*** Block opens ***

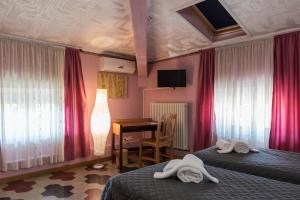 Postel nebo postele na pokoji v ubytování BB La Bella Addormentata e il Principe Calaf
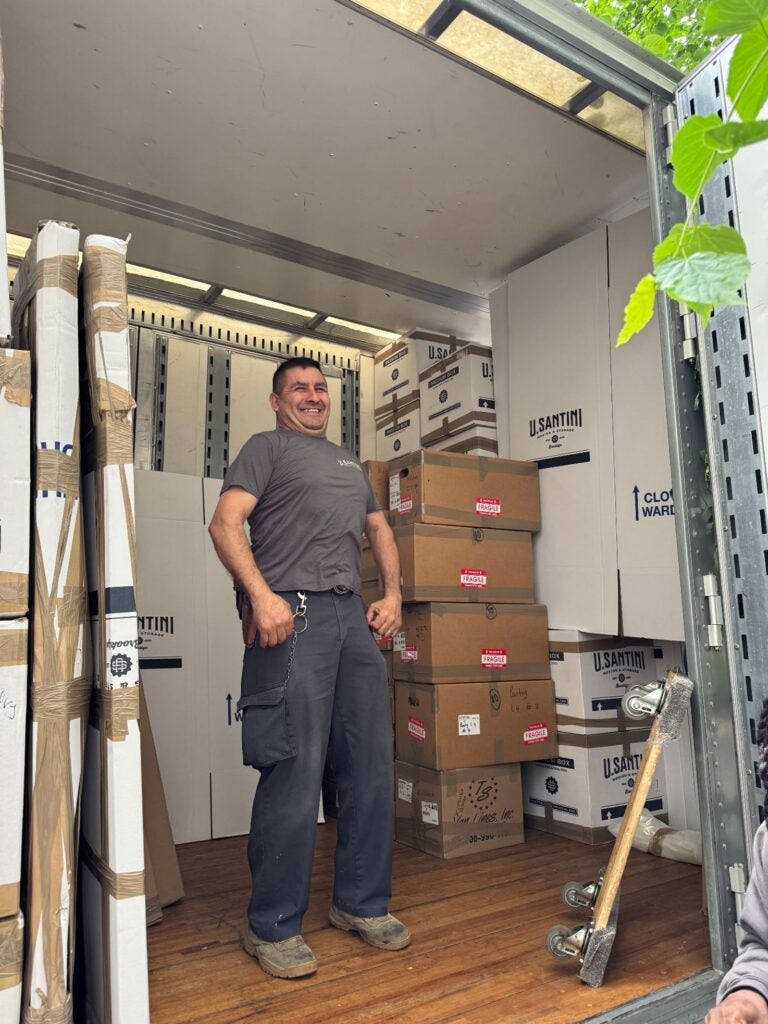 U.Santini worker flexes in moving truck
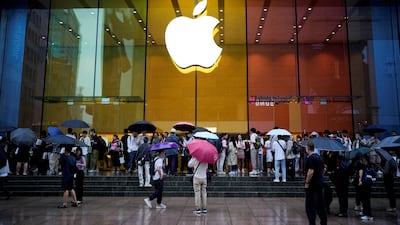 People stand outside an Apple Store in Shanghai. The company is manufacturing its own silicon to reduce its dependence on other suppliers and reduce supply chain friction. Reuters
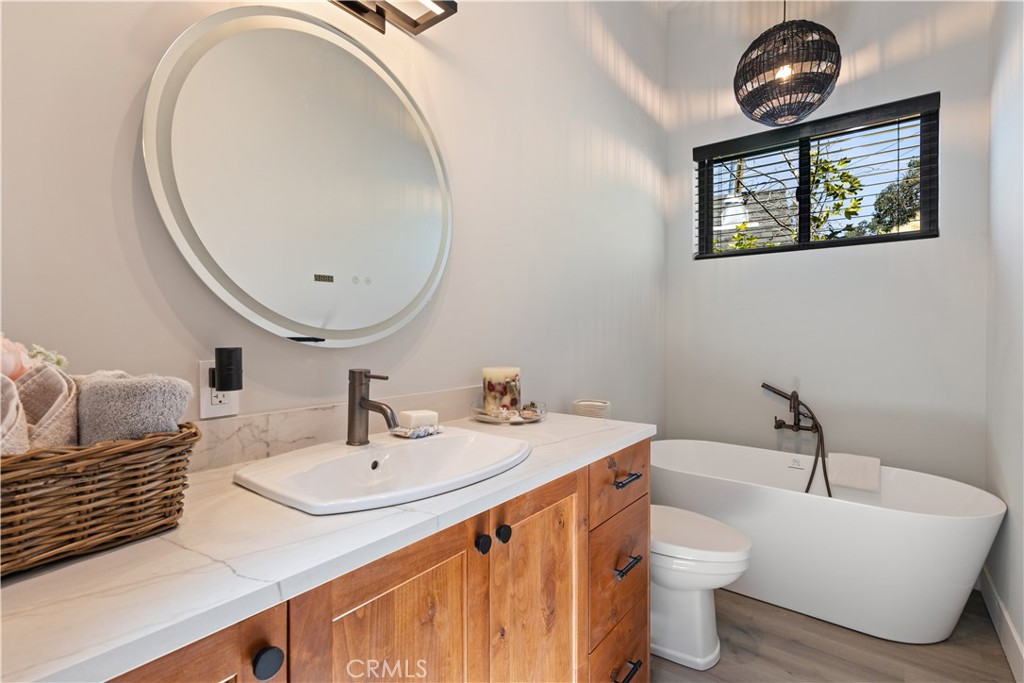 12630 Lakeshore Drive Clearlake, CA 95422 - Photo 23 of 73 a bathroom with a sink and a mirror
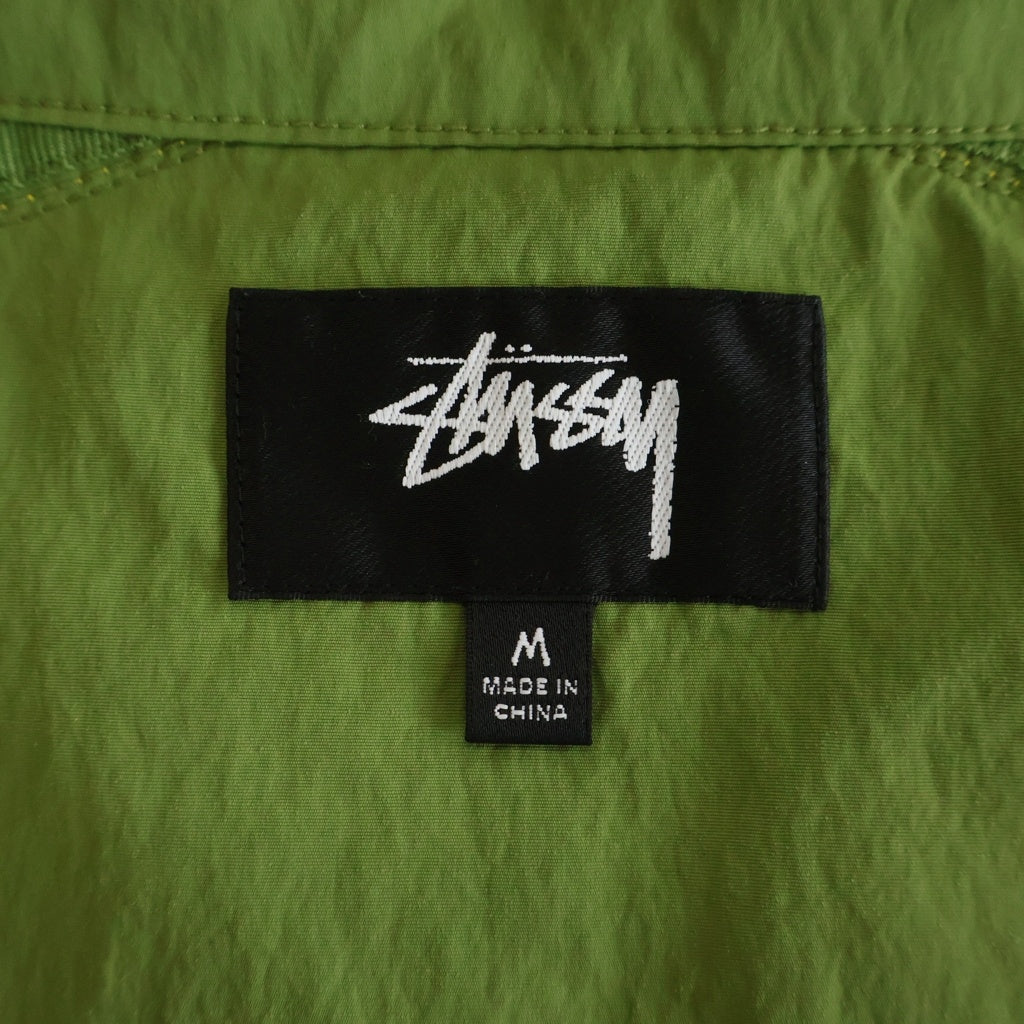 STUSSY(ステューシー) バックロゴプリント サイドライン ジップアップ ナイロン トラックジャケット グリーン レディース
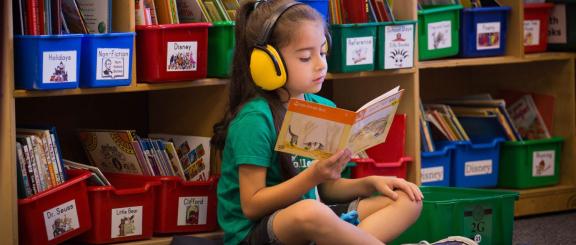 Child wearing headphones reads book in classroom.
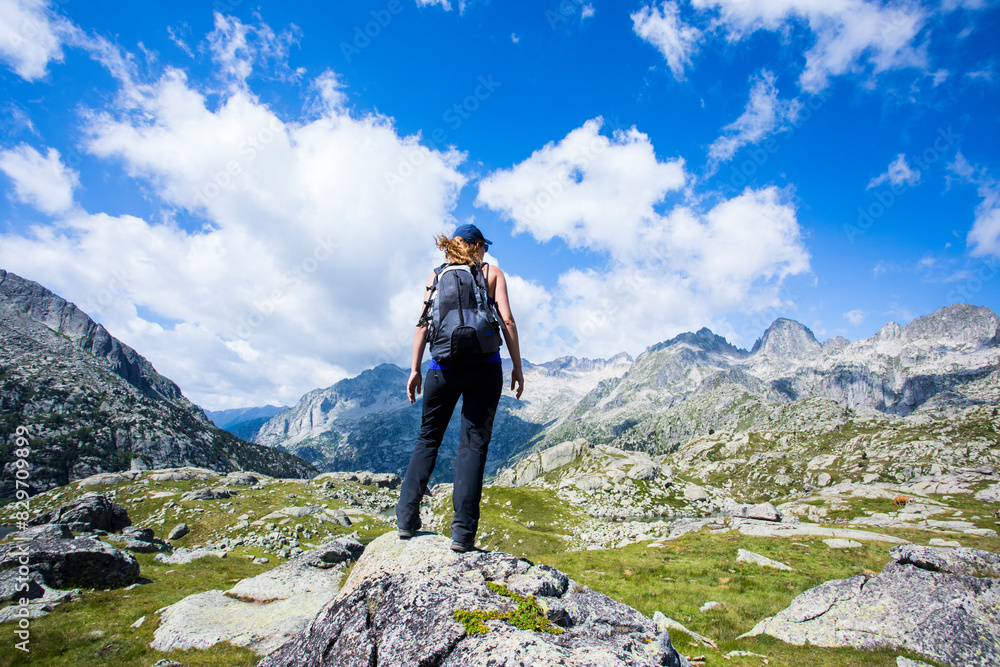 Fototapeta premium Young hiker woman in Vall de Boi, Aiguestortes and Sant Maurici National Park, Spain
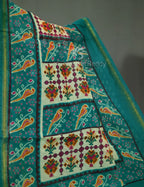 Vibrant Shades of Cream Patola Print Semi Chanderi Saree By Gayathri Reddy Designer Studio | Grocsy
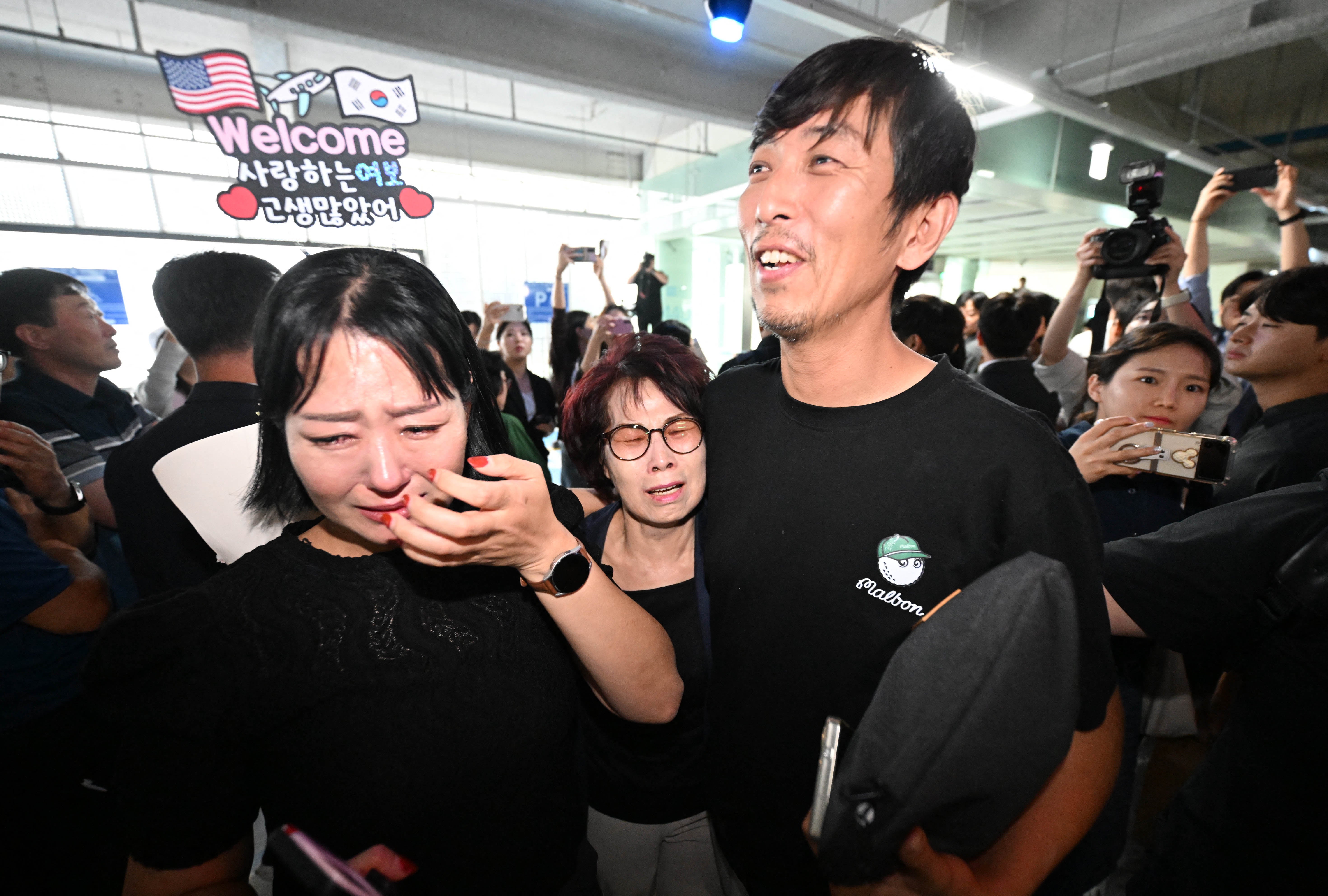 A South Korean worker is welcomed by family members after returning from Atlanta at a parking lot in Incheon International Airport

*** Block closes ***

With pictures omitted, restate word for word every line above from the one containing "U.Santini worker flexes in moving truck" to the end of the entries.

◆ **Solution for this task**:
 U.Santini worker flexes in moving truck
 People stand outside an Apple Store in Shanghai. The company is manufacturing its own silicon to reduce its dependence on other suppliers and reduce supply chain friction. Reuters
 12630 Lakeshore Drive Clearlake, CA 95422 - Photo 23 of 73 a bathroom with a sink and a mirror
 STUSSY(ステューシー) バックロゴプリント サイドライン ジップアップ ナイロン トラックジャケット グリーン レディース
 Child wearing headphones reads book in classroom.
 Fototapeta premium Young hiker woman in Vall de Boi, Aiguestortes and Sant Maurici National Park, Spain
 Vibrant Shades of Cream Patola Print Semi Chanderi Saree By Gayathri Reddy Designer Studio | Grocsy
 A South Korean worker is welcomed by family members after returning from Atlanta at a parking lot in Incheon International Airport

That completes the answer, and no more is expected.